Dionysos observait Hermès avec surprise et inquiétude, sourcil droit légèrement levé.
« Il… il y a aussi son père. »
Gêné d'en avoir trop dit, le dieu se gratta l'arrière de la nuque tandis que Dionysos notait quelque chose sur son carnet.
« C'est vrai que la mort du père Jones n'a pas été… »
« Ce n'est pas tant sa mort. »
Hermès avait interrompu Dionysos tout en se triturant nerveusement les doigts. Le dieu du vin leva les yeux de ses notes.
« Comment ça ? »
« C'est… c'est plutôt… oh, j'en ai déjà trop dit, Dio. Je… »
« Hermès.

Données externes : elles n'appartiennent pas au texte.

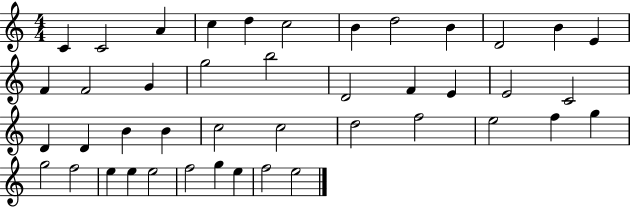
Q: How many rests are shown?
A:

Tu n'es pas obligé d'entrer dans les détails mais plus j'en saurais avant mon premier entretien avec Ambre et mieux je pourrais l'aider. Est-ce que… est-ce que, d'une certaine façon, la mort de son père a pu être un soulagement pour Ambre ? »
Dionysos avait posé cette question d'un ton calme et prudent, et bien que la formulation puisse paraître affreuse, Hermès savait ce que le dieu entendait réellement par cela : « est-ce que Jones a fait plus de mal à ses enfants durant son existence que lors de sa mort ? »
Trop chamboulé pour parler, Hermès hocha la tête. Dionysos jura en grec ancien.
« Je vois., souffla-t-il. Très bien. Cela ne va pas être une partie de plaisir pour Ambre – ni pour moi, d'ailleurs, je préfère voir les gens heureux. Mais… je pense qu'on pourrait commencer doucement. Pour ne pas la heurter et la faire fuir. Une fois toutes les trois semaines pour commencer, pour lui laisser le temps de respirer entre deux. Mais il faudra que vous soyez très présents pour elle entre chaque séance, surtout les premiers temps. »
« Absolument. »
Dionysos ne put s'empêcher de sourire face à la détermination d'Hermès. Mais il s'abstint de tout commentaire.
« Première séance samedi, vers onze heures. Tentez de proposer une activité apr… C'était quoi, ça ? »
Hermès aurait bien eu du mal à répondre à Dionysos : lui-même avait vu le soudain flash de lumière, comme si quelqu'un venait de le prendre en photo. Mais il était seul dans la chambre et aucun orage ne se faisait entendre. Il échangea donc un regard d'incompréhension avec Dionysos et les deux s'apprêtaient à passer à autre chose lorsqu'un cri se fit entendre.
Ou plutôt, un hurlement. Mais un hurlement qui n'avait rien d'humain. Un hurlement qui pouvait s'entendre à des kilomètres à la ronde, qui faisait trembler vitres et plafonds, qui faisait peur à tout monstre ou mortel qui l'entendait et qui ressemblait… au cri que poussait une divinité lorsque celle-ci était réellement très en colère.
« Où est Apollon ? », demanda Dionysos, avec inquiétude.
« Il… il est censé être au lycée avec Matt… »
« Une chose ou une personne qui y serait aussi et qui pourrait… »
Hermès ne laissa pas le temps à son frère de finir : il le laissa en plan, tout simplement. La peur lui retournant l'estomac, le messager sauta sur ses jambes et disparut du champ de vision du dieu du vin. Celui-ci entendit la porte claquer et resta, pour quelques secondes, immobile, l'air pensif et inquiet, son cerveau tournant à mille à l'heure.
« Au diable la punition du paternel. J'y vais aussi. »
Ce fut sur ces mots que la connexion du message-iris se coupa.